İnsanlar tanıyorum. Aynı zamanda insanları tanıma fırsatı buluyorum. Elimden geldiğince her türlüsünü tanımaya çalışıyorum en azından. Hayatımın geri kalanında yaşanacak hayal kırıklıklarını kabul edilebilir, belki de atlatılabilir hale getirmek için yapıyorum bunu. İnsanlara değer veriyorum. Bunu yapmak zorundayım. Çünkü değer verdiğim insanlardan dolayı başıma gelecek kötü olaylara da hazırlanmalıyım hayatım boyunca. Son birkaç gündür farkettiğim şey ise şu: Hayatında büyük bir yere (en azından yeteri kadar büyük bir yere) sahip olmadığım insanlar, ihtiyaçları oldukça beni en yakınındaki insan olarak görecek; istedikleri mutluluğa sahip oldukları anda da kendisine yeni oyuncak alınmış bir çocuğun eski oyuncağına olan ilgisini yitirmesi gibi, beni bir kenara koyup hayatına onunla devam edecek. Bunun (onlar için) en acı tarafı ise; yeni oyuncağı kırıldığında eskisiyle oynamaya başlayan çocuğun hislerine benzer şekilde, o kişiler bana geri döndüğünde benden aynı samimiyeti göremeyecek olmaları. Bu belki beni de üzecek ama değer verdiğim insanın bana oyuncak muamelesi yapması kabullenebileceğim bir şey değil; hiçbir zaman da olmayacak.

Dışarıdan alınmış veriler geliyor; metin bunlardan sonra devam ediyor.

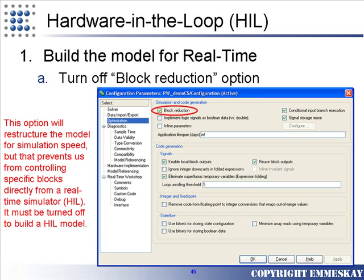Once we've set up our model to work with the input conditions our software requires, we can go to the configuration parameters dialog and select the optimization choice. Here, you must uncheck the block reduction option. This will allow us to build the model for an HIL simulator.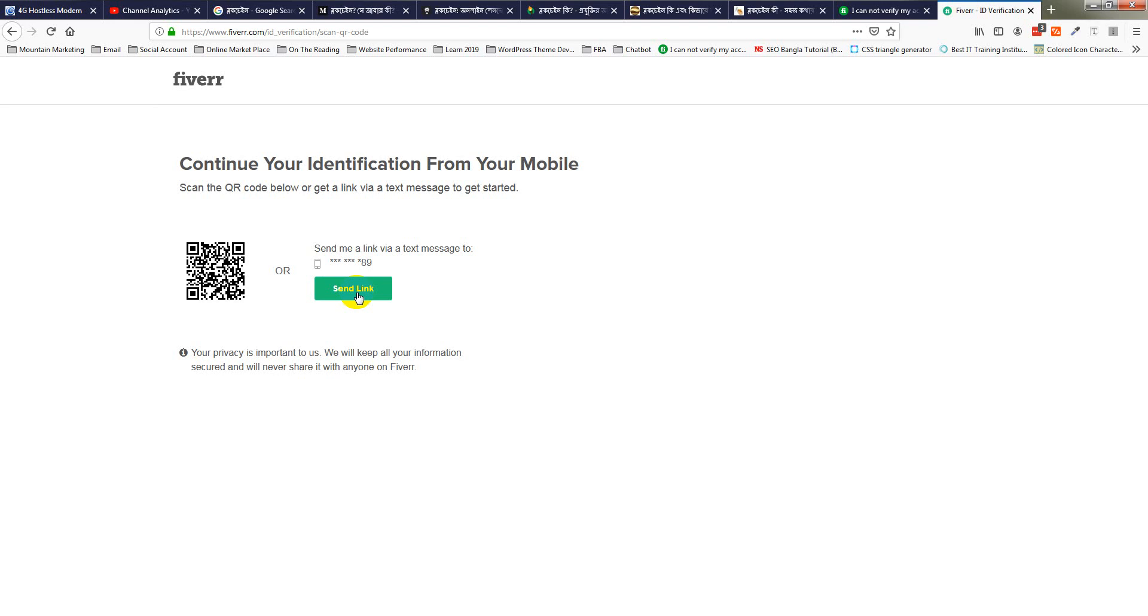I am waiting for the link on my mobile. I don't get it still.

Eskiden beni dinleyen, verdiği değeri bana hissettirmeye çalışan insanların, zaman geçtikçe benden uzaklaşmasına yardımcı olmam ise engelleyemediğim bir durum. Çünkü değer verdiği insanların mutlu olması için çaba sarfeder her insan. O mutlu olduğu anda rafa kaldırılmak çok olasıdır. Bu, kabullenilebilir olmasa da anlaşılabilir. Yine de o insanın hayatında sadece bir rafta durmak, onun hayatını uzaktan, içinde olmadan izlemek can acıtır. Çünkü insanın raf ömrü bir gün bile değildir. Rafta durmadığı sürece hayat boyu var olabilir, ama rafa kaldırıldığı anda görevi sona ermiştir. Öğrenci evinde dolaba atılmış bir yemek gibi küflenecek, ve zamanı geldiğinde, karın acıktığında, faydalı olabilir hiçbir tarafı kalmayacaktır.